WORK ITEM: Write each line below back out exactly, omitting its pictures.

DATA EXTRACT:
——

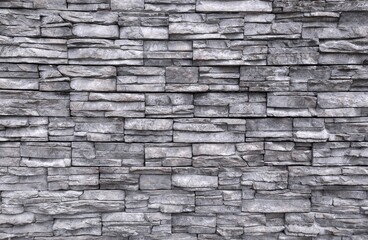 Weathered panels of gray stone coating wall made of striped stacked slabs of natural rocks. Background and texture.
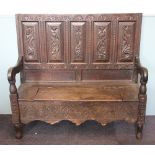 An early 18th century and later carved oak settle, with five panel back above a hinged seat,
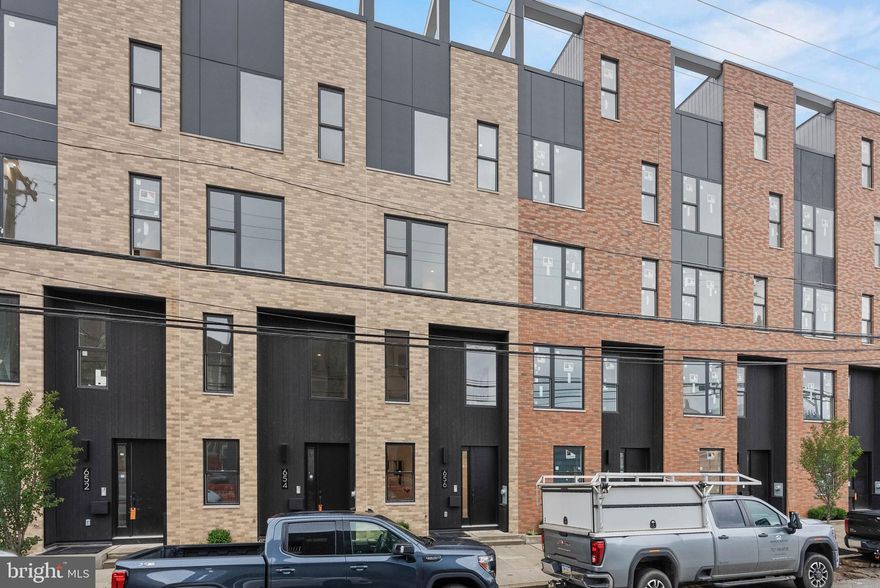 Quick delivery homes available! Over 3400 square feet, with a garage, roof deck, tax abatement and Porcelanosa finishes! 600 Fairmount is Philadelphia's brand new spectacular community ideally located at the SOUTH end of Northern Liberties, one block from Spring Garden Street! This eclection of homes vary from large single family townhomes to married townhomes and condominium-style residences all with access to garage parking. With its prominent location right off of Spring Garden, this unique enclave of homes is a convenient and fast commute to center city. The first phase of 600 Fairmount offers single family homes with various floor plans and price points available to fit your needs. The three bedroom homes include a finished basement and the first floor den could be turned into an office! Homes with private 1-2 car garage parking, expansive roof decks, and elevators are available. Most importantly, every home qualifies for the ORIGINAL full ten year tax abatement. Designed by Interface Studio Architects, every home has a unique facade that welcomes you to enter. Once inside, you'll discover a completely open main level with a living room and dining area filled with natural light from the huge windows. The stunning chef's kitchen decked out with GE Café appliances, custom Porcelanosa cabinetry and designer quartz, is sure to become the heart of the home! The lower level has the all-important 1-2 car garage parking and a bonus space ideal for a home theater, playroom, or gym. The second level has two large bright bedrooms, two full bathrooms, and a conveniently located laundry space. The primary suite covers the entire third level - your own private oasis. This space includes a massive bedroom with great natural light, a walk-in closet with space to share, and a luxurious bathroom outfitted with a double vanity, soaking tub, shower and separate commode room. Topping off this amazing home is a full rooftop deck! Be sure to review all plans to see all the amazing extras each home has to offer. The neighborhood is surrounded by massive sold out new construction projects. Nearby, Spring Garden, 4th Street, 3rd Street and 2nd Street are lined with local restaurants, shops, and markets. Fine dining, luxury shopping, and lively entertainment can be found in neighboring Spring Garden, plus Amazon Fresh a half block away, Target, Starbucks, Yards Brewery and much more are close by. The time is now to reserve your home, customize your finishes, and plant your roots for your next chapter. Square footage of 3,430 includes above and below grade. Taxes are not $1 and TBD. Taxes and square footage are the responsibility of the buyer to have verified. Photos are of the model home and may not portray actual finishes.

——

ANSWER AREA:
 Weathered panels of gray stone coating wall made of striped stacked slabs of natural rocks. Background and texture.
 An early 18th century and later carved oak settle, with five panel back above a hinged seat,
 Quick delivery homes available! Over 3400 square feet, with a garage, roof deck, tax abatement and Porcelanosa finishes! 600 Fairmount is Philadelphia's brand new spectacular community ideally located at the SOUTH end of Northern Liberties, one block from Spring Garden Street! This eclection of homes vary from large single family townhomes to married townhomes and condominium-style residences all with access to garage parking. With its prominent location right off of Spring Garden, this unique enclave of homes is a convenient and fast commute to center city. The first phase of 600 Fairmount offers single family homes with various floor plans and price points available to fit your needs. The three bedroom homes include a finished basement and the first floor den could be turned into an office! Homes with private 1-2 car garage parking, expansive roof decks, and elevators are available. Most importantly, every home qualifies for the ORIGINAL full ten year tax abatement. Designed by Interface Studio Architects, every home has a unique facade that welcomes you to enter. Once inside, you'll discover a completely open main level with a living room and dining area filled with natural light from the huge windows. The stunning chef's kitchen decked out with GE Café appliances, custom Porcelanosa cabinetry and designer quartz, is sure to become the heart of the home! The lower level has the all-important 1-2 car garage parking and a bonus space ideal for a home theater, playroom, or gym. The second level has two large bright bedrooms, two full bathrooms, and a conveniently located laundry space. The primary suite covers the entire third level - your own private oasis. This space includes a massive bedroom with great natural light, a walk-in closet with space to share, and a luxurious bathroom outfitted with a double vanity, soaking tub, shower and separate commode room. Topping off this amazing home is a full rooftop deck! Be sure to review all plans to see all the amazing extras each home has to offer. The neighborhood is surrounded by massive sold out new construction projects. Nearby, Spring Garden, 4th Street, 3rd Street and 2nd Street are lined with local restaurants, shops, and markets. Fine dining, luxury shopping, and lively entertainment can be found in neighboring Spring Garden, plus Amazon Fresh a half block away, Target, Starbucks, Yards Brewery and much more are close by. The time is now to reserve your home, customize your finishes, and plant your roots for your next chapter. Square footage of 3,430 includes above and below grade. Taxes are not $1 and TBD. Taxes and square footage are the responsibility of the buyer to have verified. Photos are of the model home and may not portray actual finishes.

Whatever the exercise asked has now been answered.